Material shown section start
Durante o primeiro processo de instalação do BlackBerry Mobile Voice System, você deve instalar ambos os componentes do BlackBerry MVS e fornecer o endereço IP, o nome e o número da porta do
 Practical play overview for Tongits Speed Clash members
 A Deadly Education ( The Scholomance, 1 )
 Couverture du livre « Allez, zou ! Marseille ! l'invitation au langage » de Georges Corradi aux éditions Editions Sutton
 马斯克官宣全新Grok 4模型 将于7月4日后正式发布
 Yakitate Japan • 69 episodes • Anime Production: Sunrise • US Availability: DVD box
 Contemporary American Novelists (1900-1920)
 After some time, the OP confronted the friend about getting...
Material shown section end
Material shown section start
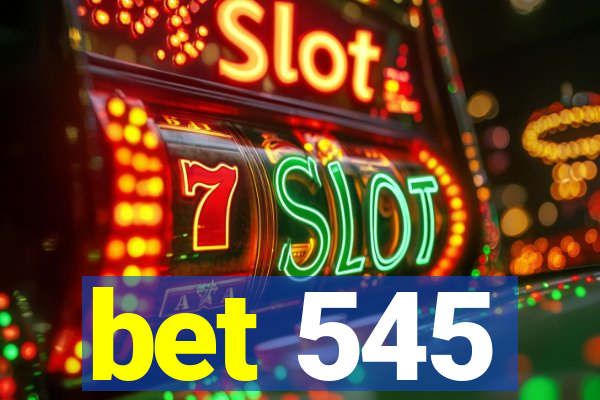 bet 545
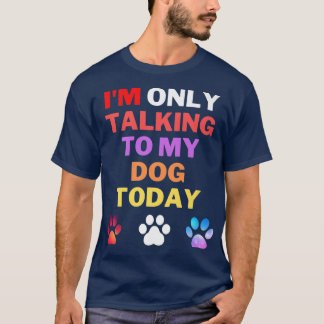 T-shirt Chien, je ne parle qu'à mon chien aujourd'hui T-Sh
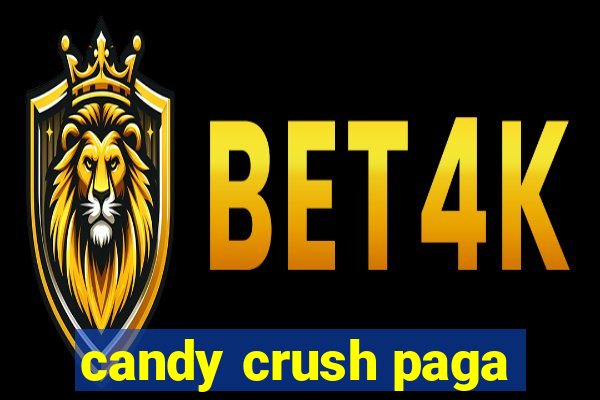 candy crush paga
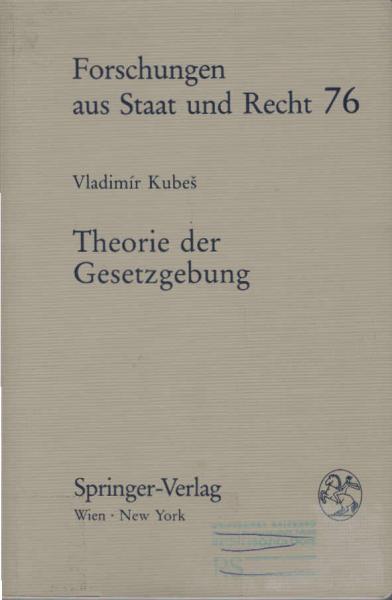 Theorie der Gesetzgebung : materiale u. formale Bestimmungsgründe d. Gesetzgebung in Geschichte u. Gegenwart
Material shown section end
Your instructions.
In the records above, the line with "A Deadly Education ( The Scholomance, 1 )" marks the start and the line with "After some time, the" marks the end; copy that stretch exactly, both lines included, and nothing else.

Task output.
 A Deadly Education ( The Scholomance, 1 )
 Couverture du livre « Allez, zou ! Marseille ! l'invitation au langage » de Georges Corradi aux éditions Editions Sutton
 马斯克官宣全新Grok 4模型 将于7月4日后正式发布
 Yakitate Japan • 69 episodes • Anime Production: Sunrise • US Availability: DVD box
 Contemporary American Novelists (1900-1920)
 After some time, the OP confronted the friend about getting...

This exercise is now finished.